Pooja Kumari Jha, Sheetal Giri, Rajan Karmacharya (Supervisor)
St. Xavier's College
08 July 16
Thesis or project
Recurrent Neural Network, Connectionist Temporal Classification (CTC), N-gram
Language Model, Automatic Speech Recognition
Speech recognition is the process of enabling a computer to identify and respond to the
sounds produced in human speech. Hamro Awaaz - Nepali Automated Speech
Recognizer (ASR) performs the speaker-independent, computer‐driven transcription of
spoken Nepali into readable Devanagari text in real time.
The project is based around an android application through which user will send their
voice recording to the server, where it is processed to corresponding text and responded
back. The base of any speech recognition system is its acoustic and language model.
These models in turn are dependent on the amount and quality of data collected, and the
training algorithms.

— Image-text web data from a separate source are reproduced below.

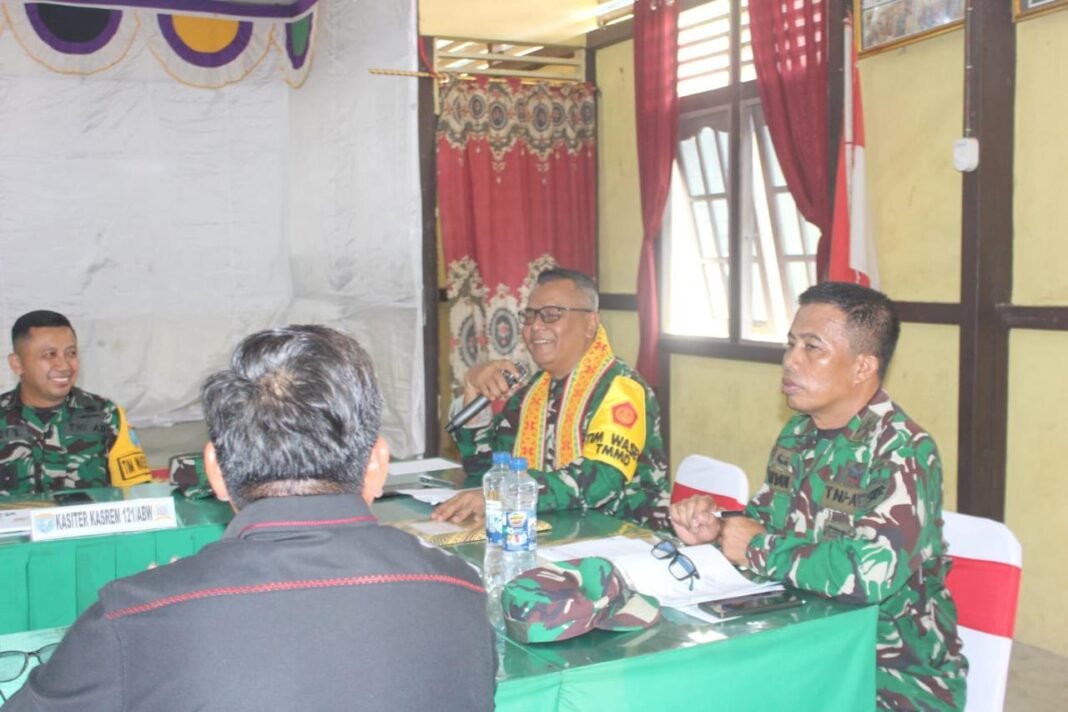 Tim Wasev Tinjau Pelaksanaan TMMD Regtas Ke-129, Memberikan Apresiasi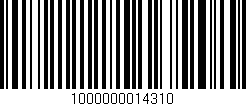 Código de barras (EAN, GTIN, SKU, ISBN): '1000000014310'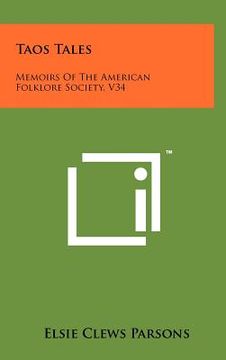 portada taos tales: memoirs of the american folklore society, v34 (en Inglés)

A deep recurrent neural network with Connectionist Temporal
Classification (CTC) in the output layer is being used for training acoustic model.
Language modeling is done by means of n-gram distribution among data collected.
Finally, a search algorithm is used to find the best matching transcription to user's speech
Through these techniques we will be able to achieve a speech recognition model that can
be helpful to all seeking better model of speech recognition for Nepali and other
languages as well. The resulting application can create a platform for development of
other Nepali voice based applications.